The sole economic modelling exercise showing material benefits for the UK from Brexit has been debunked as “doubly misleading”, further demolishing the argument that for Britain “no deal would be better than a bad deal” when it comes to the EU.

Work by the “Economists for Brexit” group, led by Professor Patrick Minford of Cardiff Business School, before last year’s referendum suggested that if the UK left the EU without a trade deal and unilaterally dropped all tariff barriers on imports the country’s GDP could be boosted by 4 per cent relative to otherwise......

....But Professor Alan Winters, Professor of Economics at the University of Sussex and Director of the UK Trade Policy Observatory, on Wednesday pointed out that the modelling assumptions that produced the Economists for Brexit headline figure were suspect.
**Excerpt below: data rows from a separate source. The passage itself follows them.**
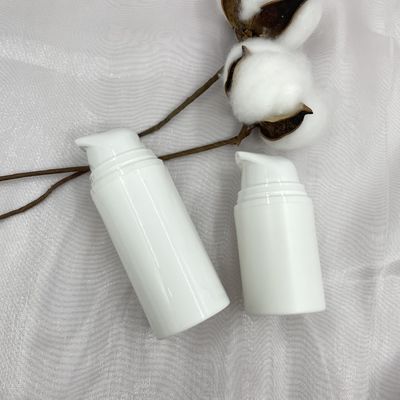 La rupture sur la pompe privée d'air empaquetant des soins de la peau de 15ml pp mettent favorable à l'environnement en bouteille
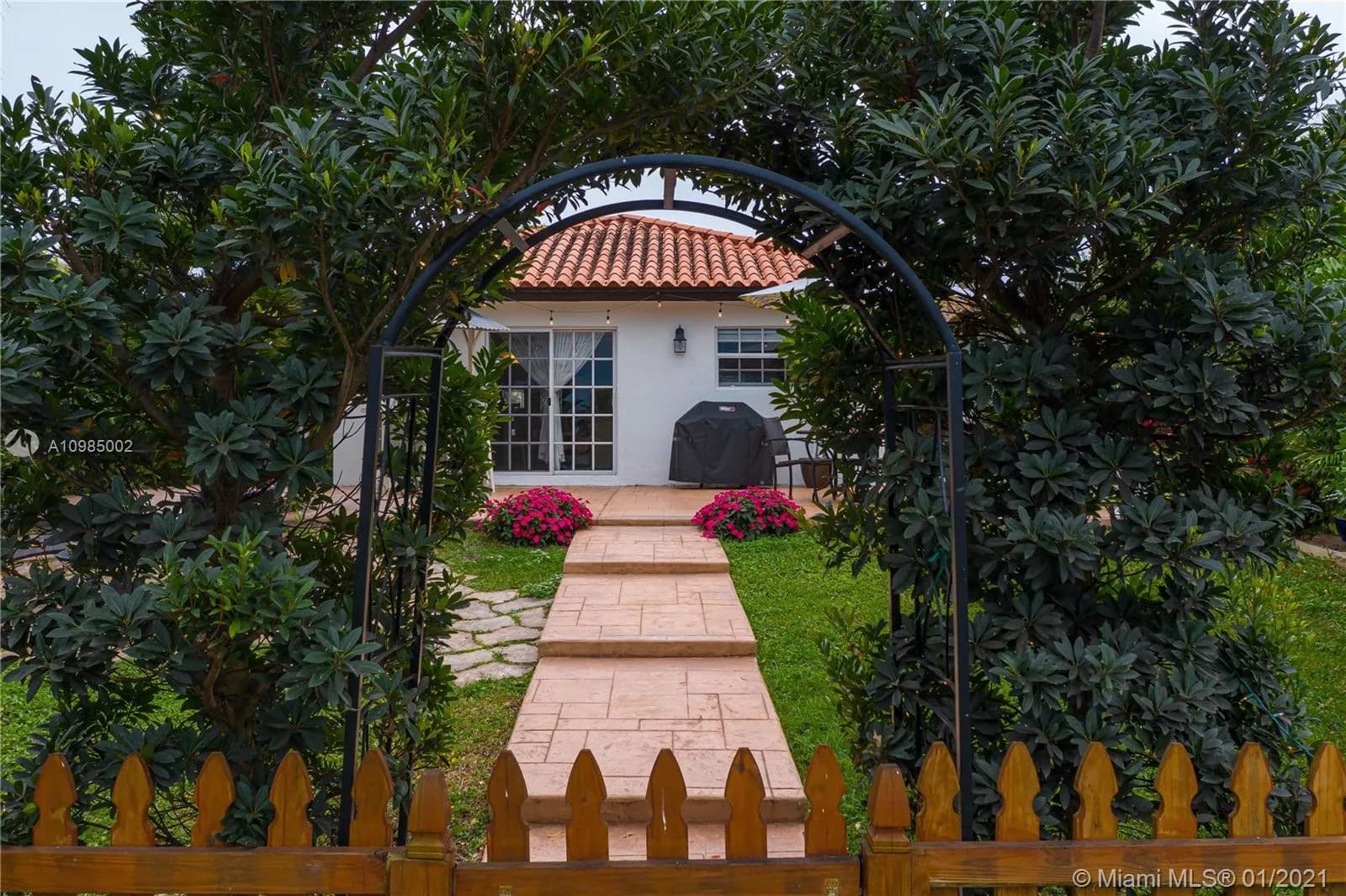 1 SW 36th Ter, Kendall FL 33185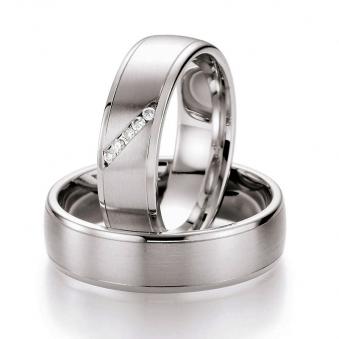 Aufnahme von Palladium 500 Trauringen mattiert mit polierten Rändern und fünf Diamanten 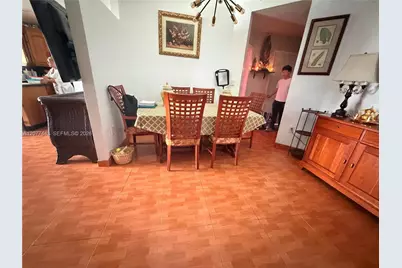 18230 SW 142nd Pl, Miami, FL 33177 - Photo 4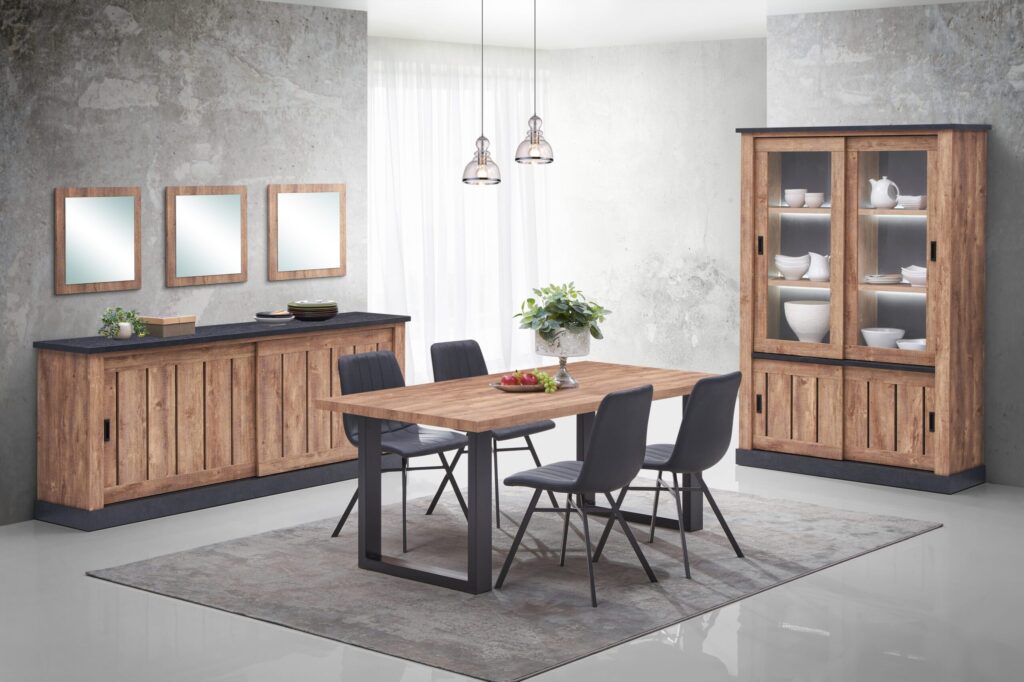 Eetkamer met houten tafel, zwarte stoelen, houten buffetkast en spiegelpanelen bij Belga Meubel Brugge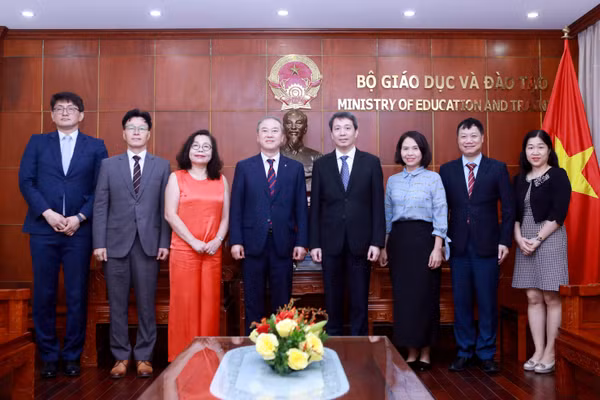 Các đại biểu chụp ảnh lưu niệm tại buổi làm việc sáng 24/8. Ảnh: Đình Tuệ.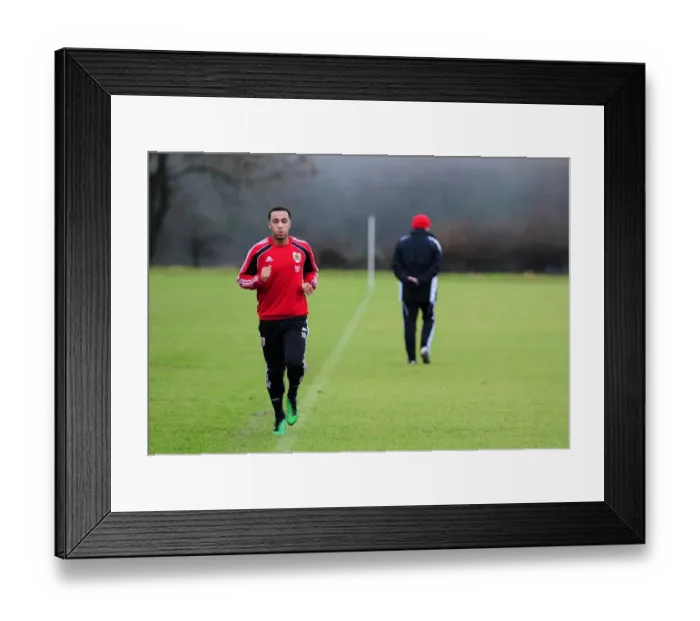 Framed Print : Bristol City First Team Training: January 13, 2011 - Season 10-11 Framed Print : Bristol City First Team Training: January 13, 2011 - Season 10-11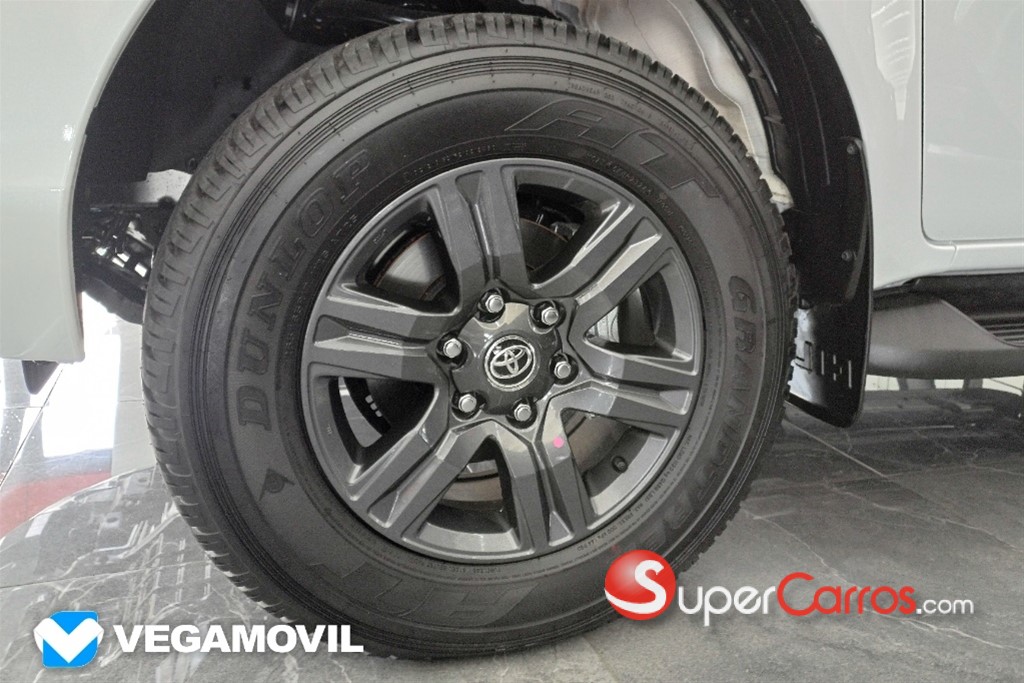 2025 Toyota Hilux Full 2.8 — foto 5 / 12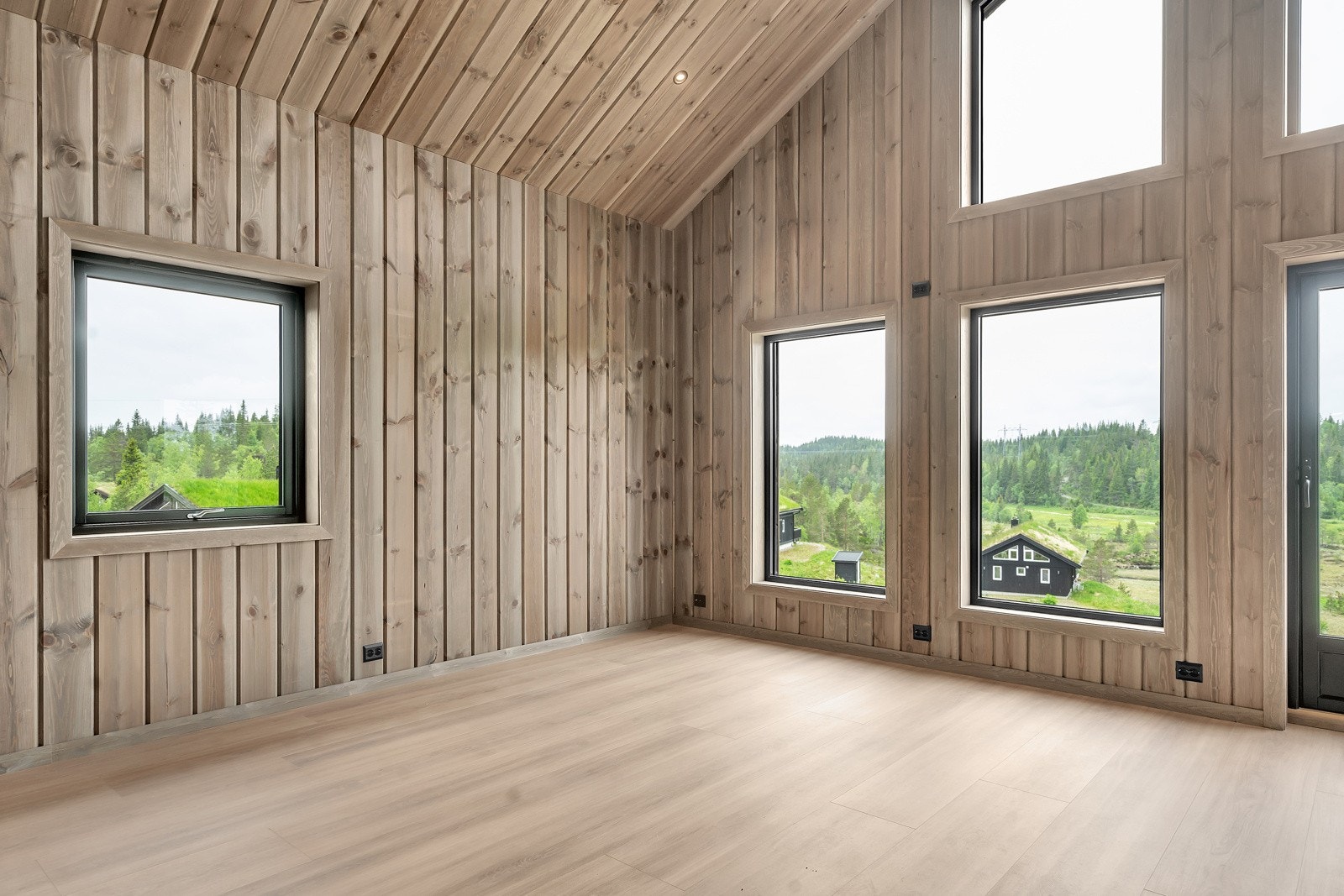 Store vinduer som gir godt lys Galleribilde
The small print of the modelling reveals the assumption that "general international pressure" over the next decade will compel the EU to reduce its own effective tariffs on imports from 20 per cent to 10 per cent - and that the authors ignore the impact of differences in EU safety and quality standards for goods on producer prices. 

Professor Winters also points out that the modelling of Minford’s group bizarrely assumes the EU will waive its standards on goods imports from the UK post-Brexit, which implies precisely the sort of deep trade deal which the Economists for Brexit have been consistently arguing that the UK does not need to bother pursuing.

“Gaining 4 per cent [of GDP] requires more integration with Europe than the UK has at present!” Professor Winters wrote in a blog post.

“The term ‘unilateral free trade’ is thus doubly misleading: first, it presumes agreements with reciprocal liberalisations with the UK’s trading partners, including the EU, and second, on the EU, it is just plain wrong,” he said.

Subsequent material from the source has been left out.